## Work request:
Beginning with the line below that contains "Building Photo - 4000 Sand Wedge Cir" and ending with the line that contains "Volkswagen Sharan (2017)", copy every line exactly. Copy nothing else.

## Caption-style text data:
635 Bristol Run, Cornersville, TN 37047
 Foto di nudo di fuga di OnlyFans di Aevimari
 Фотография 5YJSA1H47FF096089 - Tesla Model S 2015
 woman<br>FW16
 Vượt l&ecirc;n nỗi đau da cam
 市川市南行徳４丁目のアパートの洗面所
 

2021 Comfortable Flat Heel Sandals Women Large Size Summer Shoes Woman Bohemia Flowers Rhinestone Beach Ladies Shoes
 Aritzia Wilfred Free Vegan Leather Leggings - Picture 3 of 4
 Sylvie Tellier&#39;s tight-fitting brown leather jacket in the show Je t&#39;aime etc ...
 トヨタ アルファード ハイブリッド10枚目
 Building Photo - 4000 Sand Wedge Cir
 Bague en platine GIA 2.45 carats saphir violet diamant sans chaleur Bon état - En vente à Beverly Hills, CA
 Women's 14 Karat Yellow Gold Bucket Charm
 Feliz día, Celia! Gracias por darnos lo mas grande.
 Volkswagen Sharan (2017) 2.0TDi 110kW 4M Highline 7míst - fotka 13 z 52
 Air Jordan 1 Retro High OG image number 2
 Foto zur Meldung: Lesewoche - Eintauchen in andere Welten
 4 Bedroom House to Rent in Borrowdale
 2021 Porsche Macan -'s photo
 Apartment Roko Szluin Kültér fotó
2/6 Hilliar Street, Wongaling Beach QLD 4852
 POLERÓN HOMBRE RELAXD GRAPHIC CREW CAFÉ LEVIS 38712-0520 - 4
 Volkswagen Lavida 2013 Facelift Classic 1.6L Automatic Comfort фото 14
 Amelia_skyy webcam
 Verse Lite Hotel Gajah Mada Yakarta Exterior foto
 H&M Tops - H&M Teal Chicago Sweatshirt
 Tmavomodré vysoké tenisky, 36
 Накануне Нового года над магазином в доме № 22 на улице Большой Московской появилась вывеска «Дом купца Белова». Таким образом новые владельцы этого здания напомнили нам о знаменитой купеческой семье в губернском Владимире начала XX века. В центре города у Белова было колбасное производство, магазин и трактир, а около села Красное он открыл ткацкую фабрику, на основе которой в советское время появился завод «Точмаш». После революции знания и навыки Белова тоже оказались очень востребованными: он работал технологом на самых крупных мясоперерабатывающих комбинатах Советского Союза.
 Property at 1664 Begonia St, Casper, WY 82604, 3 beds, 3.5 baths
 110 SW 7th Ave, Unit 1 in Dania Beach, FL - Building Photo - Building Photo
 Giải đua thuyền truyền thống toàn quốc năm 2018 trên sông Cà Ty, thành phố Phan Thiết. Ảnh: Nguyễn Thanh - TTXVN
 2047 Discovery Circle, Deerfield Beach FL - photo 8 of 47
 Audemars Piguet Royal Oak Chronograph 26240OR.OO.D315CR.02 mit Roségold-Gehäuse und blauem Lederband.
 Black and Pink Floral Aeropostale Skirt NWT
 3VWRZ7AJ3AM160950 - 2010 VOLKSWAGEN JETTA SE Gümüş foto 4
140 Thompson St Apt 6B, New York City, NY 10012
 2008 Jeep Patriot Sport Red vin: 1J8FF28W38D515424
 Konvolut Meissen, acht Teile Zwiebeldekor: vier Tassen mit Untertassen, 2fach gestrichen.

## Answer box:
 Building Photo - 4000 Sand Wedge Cir
 Bague en platine GIA 2.45 carats saphir violet diamant sans chaleur Bon état - En vente à Beverly Hills, CA
 Women's 14 Karat Yellow Gold Bucket Charm
 Feliz día, Celia! Gracias por darnos lo mas grande.
 Volkswagen Sharan (2017) 2.0TDi 110kW 4M Highline 7míst - fotka 13 z 52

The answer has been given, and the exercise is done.